Data block below:

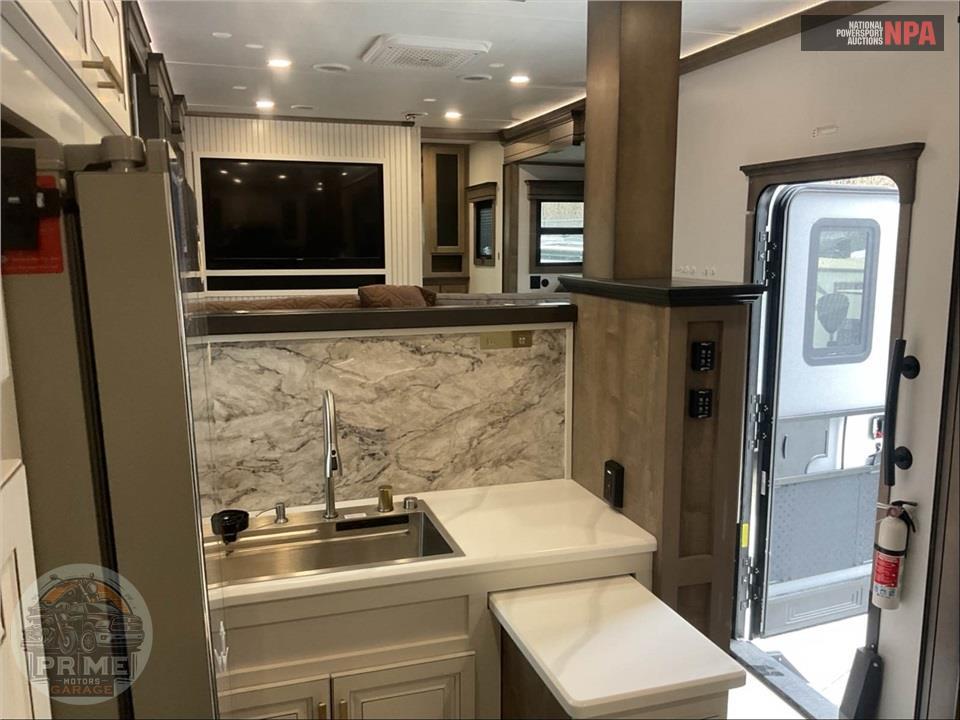 2025 Keystone Rv M-3941 FO - MONTANA FIFTH WHEEL SERIES — фото 7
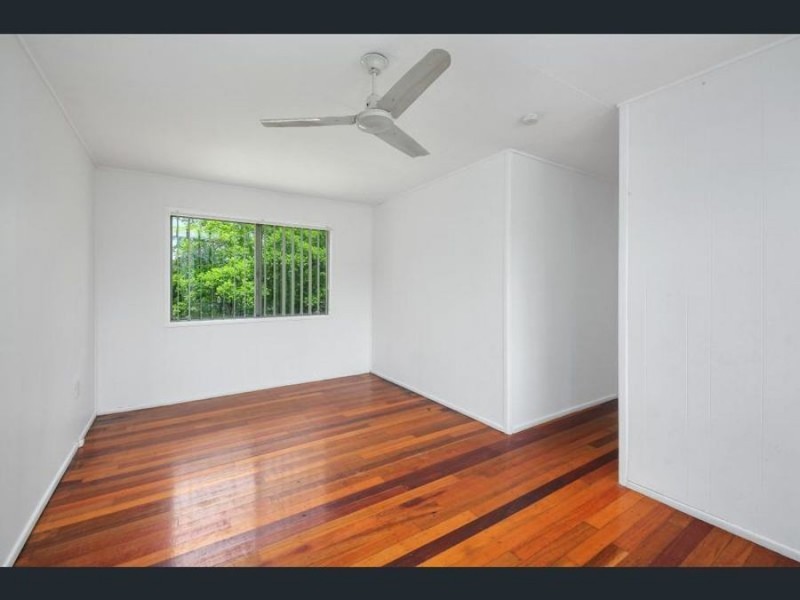 111 Jacaranda Avenue, Logan Central QLD 4114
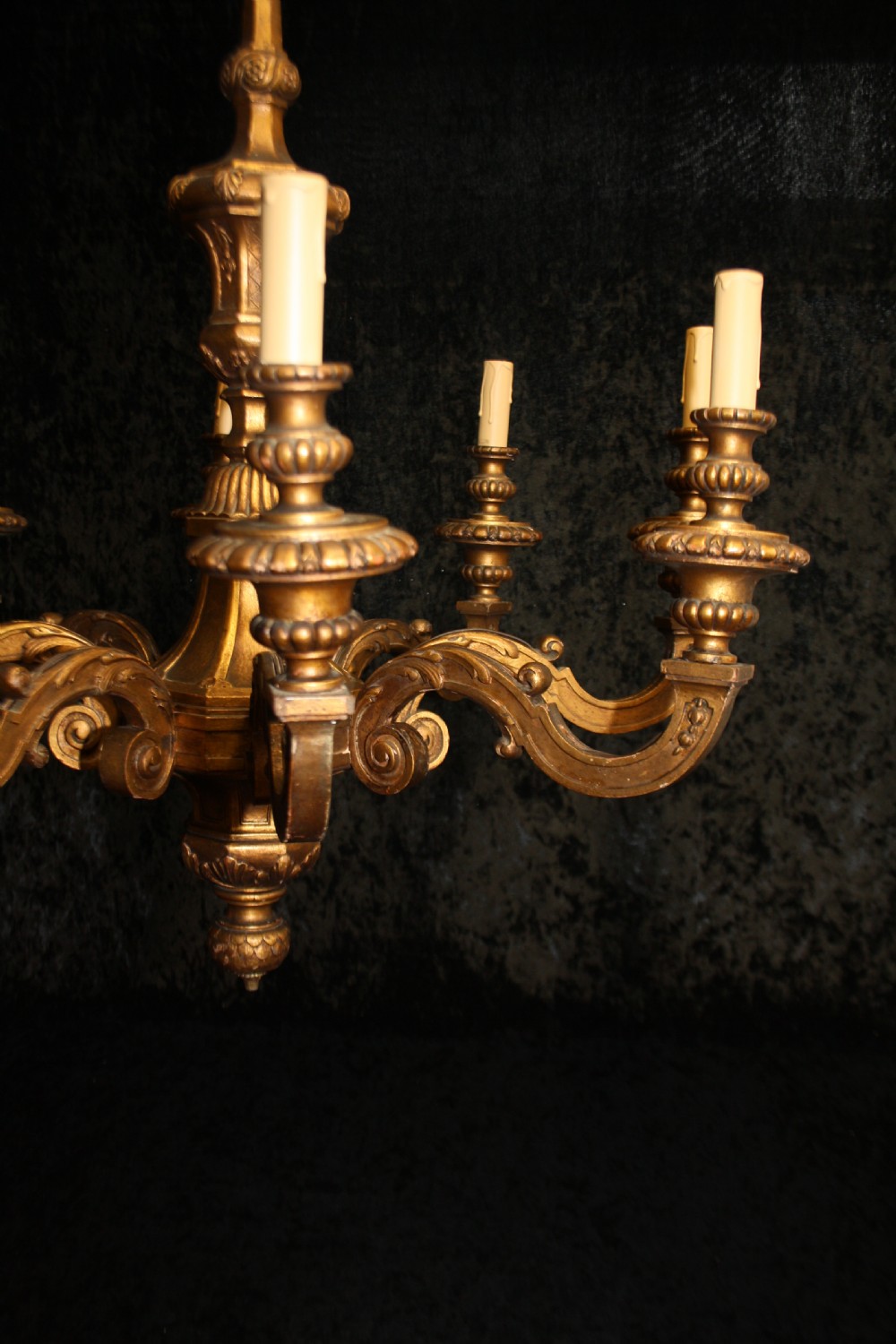 Early 20th century gilt wooden chandelier View IX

End of Data block.

◆ **Task to carry out**
Find the line with "111 Jacaranda Avenue, Logan Central QLD 4114" in the listing above, then write it out along with every later line through the last one, exactly, omitting pictures.

◆ **Your solution**
 111 Jacaranda Avenue, Logan Central QLD 4114
 Early 20th century gilt wooden chandelier View IX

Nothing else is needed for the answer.